This repository contains scripts for estimating the first ionisation potential bias (FIP bias) using demcmc to do the differential emission measure (DEM) calculations. The scripts here are designed to be run on Myriad, one of the high performance computing systems at University College London (UCL). It shouldn't be too hard to adapt them to work elsewhere.
To start with you'll need
- the original EIS observation as data/header h5 files. eispac has instructions one how to search for and download these.
- a numpy
.npy
file with fitted intensities and intensity errors across the whole EIS map. - a
.sav
file with pre-computed contribution functions for each of the observed lines.
The lines in each of these files need to be a number of Fe lines for calculating the DEM, and the S and Si lines for estimating the FIP bias. Put these three files in the same folder, and make a note of that folder for later.
Make sure your ingredients are prepared as per the above section.
Then run_dem.py
runs the DEM calculation. Two things need to be configured at the top of this script:
- The number of parallel threads used to process the DEM data.
- The input and output data directories.
Running this script will output progress to a log file in the output directory.
Processing of the DEM for each pixel will happen independently and in parallel.
When a whole row of pixels is processed the DEMs will be output to a netCDF file called
dem_x.nc
, where x is the number that gives the x-pixel of the row that contains DEMs for all y-pixels.
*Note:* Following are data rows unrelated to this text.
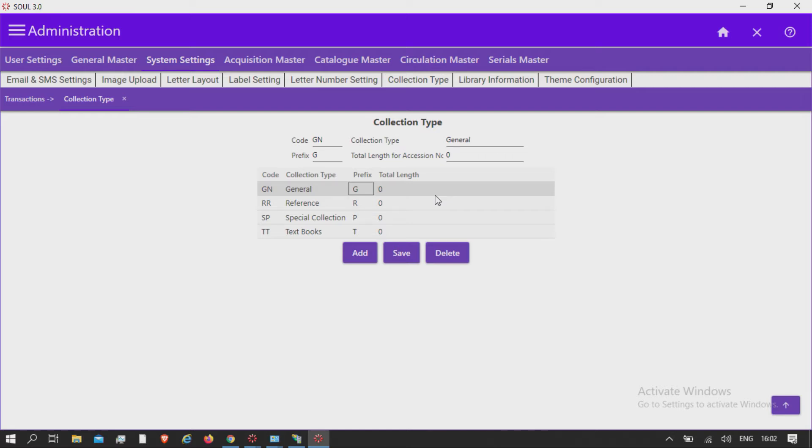The prefix selected for collection code will automatically appear before the accession number to separate the collection from each other in case of auto-generation of accession number in acquisition.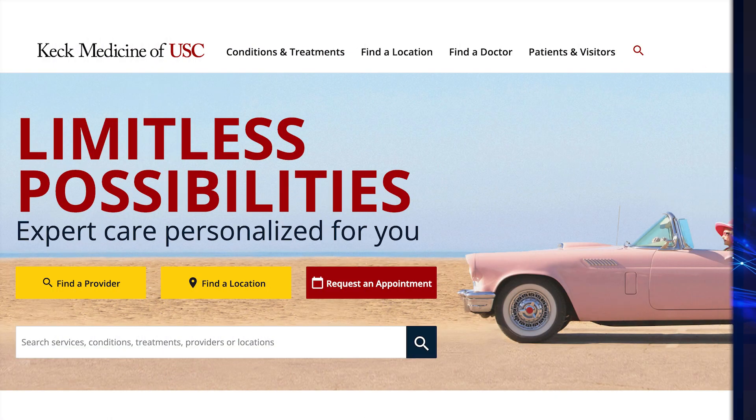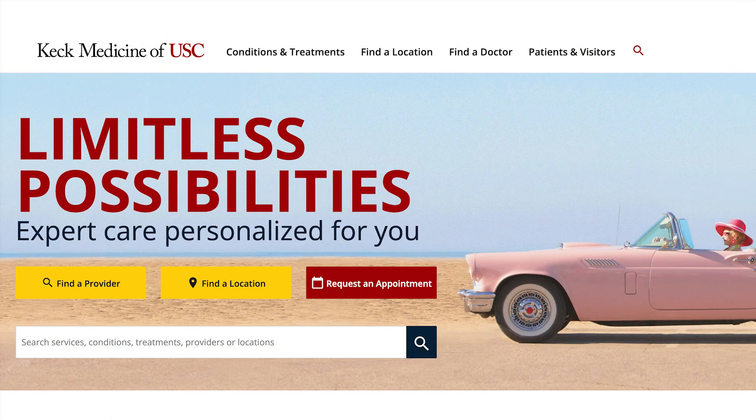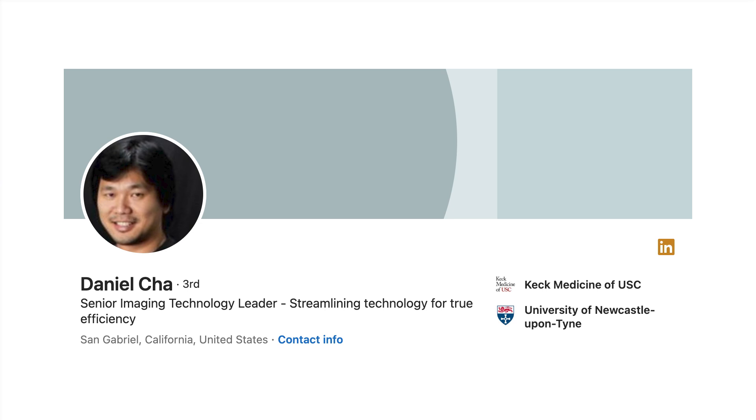You're with Keck Medicine at the University of Southern California. Keck Medicine is actually the hospital branch of the University of Southern California. It consists of the main hospital in downtown LA, and we have several other community hospitals — one in Verdugo Hills, one in Arcadia, and another campus hospital right next to the main campus.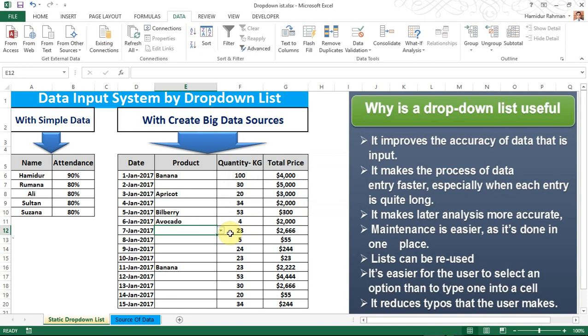So by using a drop-down list, you can easily input your data from selected types, which saves time. Thank you viewers for watching. Please subscribe to my channel for more videos. Thank you.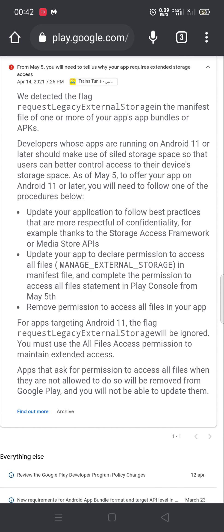In Kodular we cannot remove permissions, so that's why we have to declare our permission and update our application. Thank you for watching, goodbye.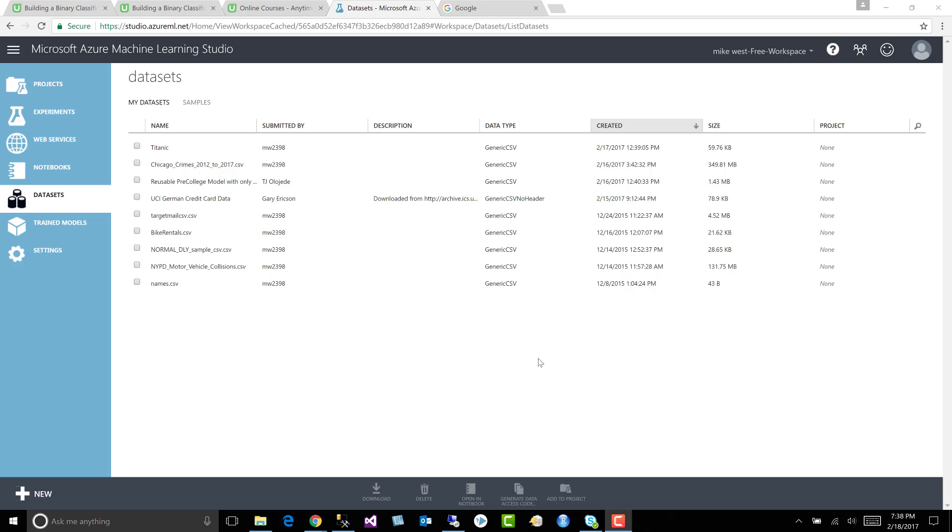All right, in this lesson, let's add the Titanic dataset to our new experiment. Recall that all of the models inside Azure Machine Learning Studio are supervised. That means they start with the dataset.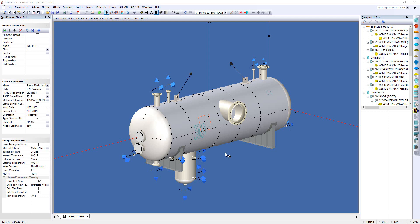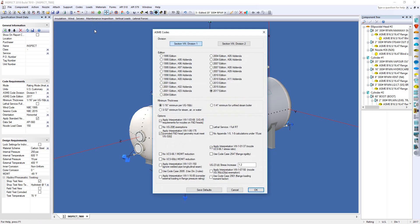To activate this analysis in Compress, simply come up to the codes menu, select ASME, and on the bottom of the dialog, check the option use CodeCase 2901, then click OK.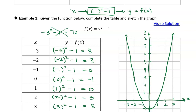So you don't need to watch me fumble around drawing axes and plotting points — I went ahead and drew the axes, labeled the scale, and plotted each one of these points. The first x and y value becomes the ordered pair negative three comma eight, plotted up here. Negative two becomes the point negative two comma three, plotted right here. I did that for every point in the table and then connected them to draw the graph of x squared minus one.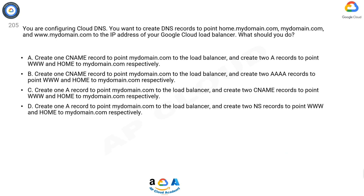www and home to mydomain.com respectively. C: Create one A record to point mydomain.com to the load balancer, and create two CNAME records to point www and home to mydomain.com respectively. D: Create one A record to point mydomain.com to the load balancer, and create two NS records to point www and home to mydomain.com respectively.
Additionaldem_x_lines.nc
files will be produced, which give information on what lines were used to calculate the DEM. A '1' value means that line was used to calculate the DEM for that pixel.
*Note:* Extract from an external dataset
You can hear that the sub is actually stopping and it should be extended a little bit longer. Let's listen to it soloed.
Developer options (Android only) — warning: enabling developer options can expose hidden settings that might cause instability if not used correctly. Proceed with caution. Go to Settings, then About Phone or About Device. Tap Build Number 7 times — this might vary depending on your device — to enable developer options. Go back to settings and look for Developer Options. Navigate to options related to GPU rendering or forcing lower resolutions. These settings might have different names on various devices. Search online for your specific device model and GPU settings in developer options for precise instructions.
The submit_demcmc_myriad.sh
script provides a job script to submit the MCMC calculations to Myriad.
run_fip.py
runs the FIP esitmation, using the DEMs calculated in the previous step.
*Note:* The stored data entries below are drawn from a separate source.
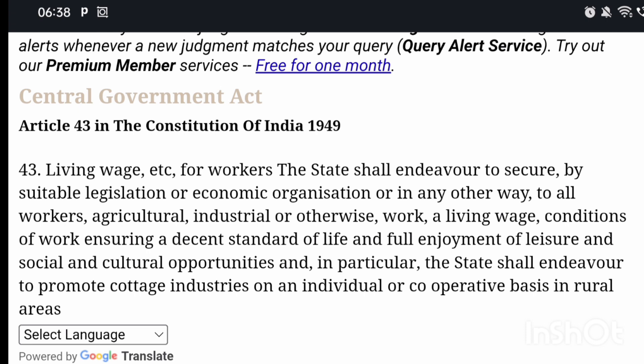ताकि हर एक बंदा अपनी संस्कृति को enjoy कर सके, अपने festivals और religious ways को enjoy कर सके। इस आर्टिकल में cottage industries को promote करना है। पहला पॉइंट socialistic principle पे है और दूसरा पॉइंट Gandhian principle पे है।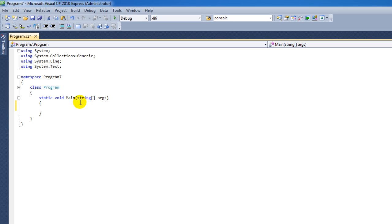Hi there, and welcome to another video tutorial about C# and Visual Studio Express 2010. In this video tutorial, we're going to cover while loops.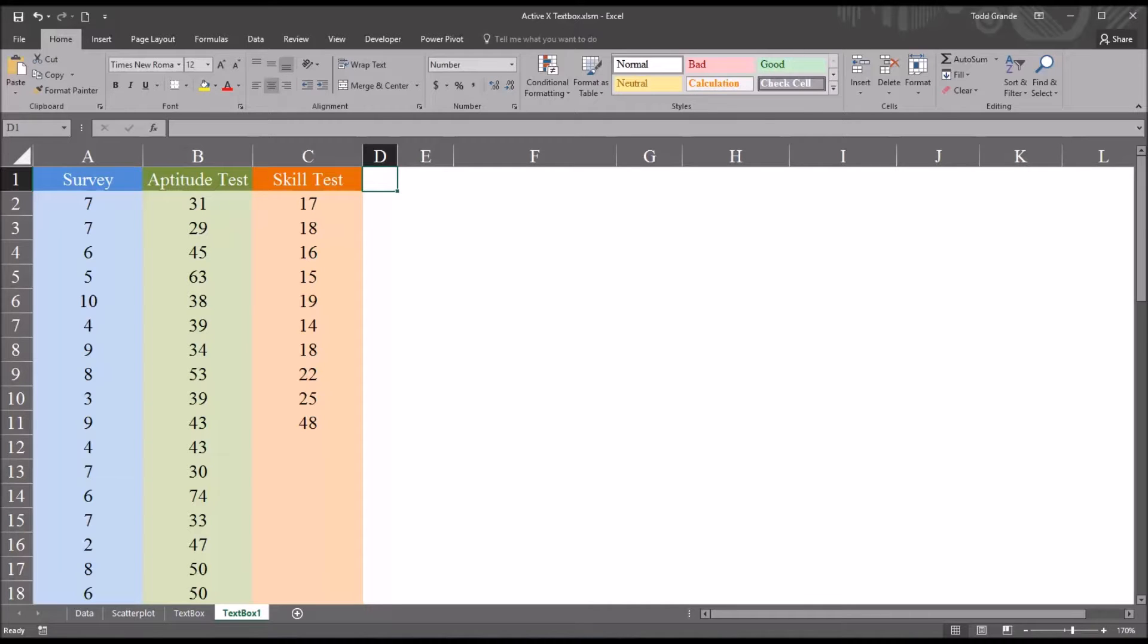Hello, this is Dr. Grande. Welcome to my video on using an ActiveX control text box to add data to a variable.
The only things that need configuring in this file are the various input/output file path locations.
When you run this a progress bar should pop up in your terminal that shows you how long is left to process all the pixels.
When the script finishes running it will output a file called fip_map.fits
in the previously specified output directory.
plot_fip.py
plots the generated FIP map, using some nice deafult colormap settings.